■ Directions for this task:
Please set down word for word every line from the one holding "Niedergörsdorf in Brandenburg." to the end of the data below, both included.

■ Material supplied:
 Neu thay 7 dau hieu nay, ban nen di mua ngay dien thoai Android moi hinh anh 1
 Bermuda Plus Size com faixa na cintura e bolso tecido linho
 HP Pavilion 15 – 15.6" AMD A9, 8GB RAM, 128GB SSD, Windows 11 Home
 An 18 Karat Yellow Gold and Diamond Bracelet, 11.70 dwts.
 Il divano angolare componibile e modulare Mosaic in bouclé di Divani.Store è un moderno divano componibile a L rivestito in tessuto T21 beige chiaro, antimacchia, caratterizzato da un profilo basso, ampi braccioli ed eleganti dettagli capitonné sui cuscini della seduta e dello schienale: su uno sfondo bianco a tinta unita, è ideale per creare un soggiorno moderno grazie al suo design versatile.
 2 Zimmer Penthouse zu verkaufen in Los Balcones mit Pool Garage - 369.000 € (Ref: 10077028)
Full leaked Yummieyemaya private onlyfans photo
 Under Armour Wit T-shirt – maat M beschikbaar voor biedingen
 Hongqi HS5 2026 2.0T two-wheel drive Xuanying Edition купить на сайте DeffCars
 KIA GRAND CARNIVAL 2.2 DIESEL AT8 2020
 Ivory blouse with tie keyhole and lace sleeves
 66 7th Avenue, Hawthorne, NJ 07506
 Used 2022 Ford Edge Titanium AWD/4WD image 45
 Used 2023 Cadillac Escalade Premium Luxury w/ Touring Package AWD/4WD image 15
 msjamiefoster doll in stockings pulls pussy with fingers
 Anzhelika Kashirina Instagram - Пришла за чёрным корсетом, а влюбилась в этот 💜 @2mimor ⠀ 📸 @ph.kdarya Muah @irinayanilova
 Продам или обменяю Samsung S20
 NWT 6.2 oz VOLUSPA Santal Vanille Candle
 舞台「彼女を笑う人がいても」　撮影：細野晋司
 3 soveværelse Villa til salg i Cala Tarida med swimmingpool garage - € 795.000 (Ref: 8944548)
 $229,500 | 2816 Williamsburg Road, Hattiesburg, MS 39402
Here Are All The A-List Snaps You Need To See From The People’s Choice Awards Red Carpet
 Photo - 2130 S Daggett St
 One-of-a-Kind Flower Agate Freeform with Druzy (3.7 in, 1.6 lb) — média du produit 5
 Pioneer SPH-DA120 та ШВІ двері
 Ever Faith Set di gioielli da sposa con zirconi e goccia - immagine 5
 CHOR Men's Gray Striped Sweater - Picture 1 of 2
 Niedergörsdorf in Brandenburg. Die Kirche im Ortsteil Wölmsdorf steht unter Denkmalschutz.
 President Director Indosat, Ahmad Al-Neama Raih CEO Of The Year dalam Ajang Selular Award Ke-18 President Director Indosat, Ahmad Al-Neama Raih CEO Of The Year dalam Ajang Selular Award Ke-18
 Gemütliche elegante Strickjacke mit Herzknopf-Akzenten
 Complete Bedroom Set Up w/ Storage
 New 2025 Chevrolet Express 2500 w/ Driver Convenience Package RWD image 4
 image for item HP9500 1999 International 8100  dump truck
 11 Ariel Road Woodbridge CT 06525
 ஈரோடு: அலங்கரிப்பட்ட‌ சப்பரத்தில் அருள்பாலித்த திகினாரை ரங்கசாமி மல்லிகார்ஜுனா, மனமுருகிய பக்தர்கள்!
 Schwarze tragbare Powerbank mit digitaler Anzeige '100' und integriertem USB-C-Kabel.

■ Task result:
 Niedergörsdorf in Brandenburg. Die Kirche im Ortsteil Wölmsdorf steht unter Denkmalschutz.
 President Director Indosat, Ahmad Al-Neama Raih CEO Of The Year dalam Ajang Selular Award Ke-18 President Director Indosat, Ahmad Al-Neama Raih CEO Of The Year dalam Ajang Selular Award Ke-18
 Gemütliche elegante Strickjacke mit Herzknopf-Akzenten
 Complete Bedroom Set Up w/ Storage
 New 2025 Chevrolet Express 2500 w/ Driver Convenience Package RWD image 4
 image for item HP9500 1999 International 8100  dump truck
 11 Ariel Road Woodbridge CT 06525
 ஈரோடு: அலங்கரிப்பட்ட‌ சப்பரத்தில் அருள்பாலித்த திகினாரை ரங்கசாமி மல்லிகார்ஜுனா, மனமுருகிய பக்தர்கள்!
 Schwarze tragbare Powerbank mit digitaler Anzeige '100' und integriertem USB-C-Kabel.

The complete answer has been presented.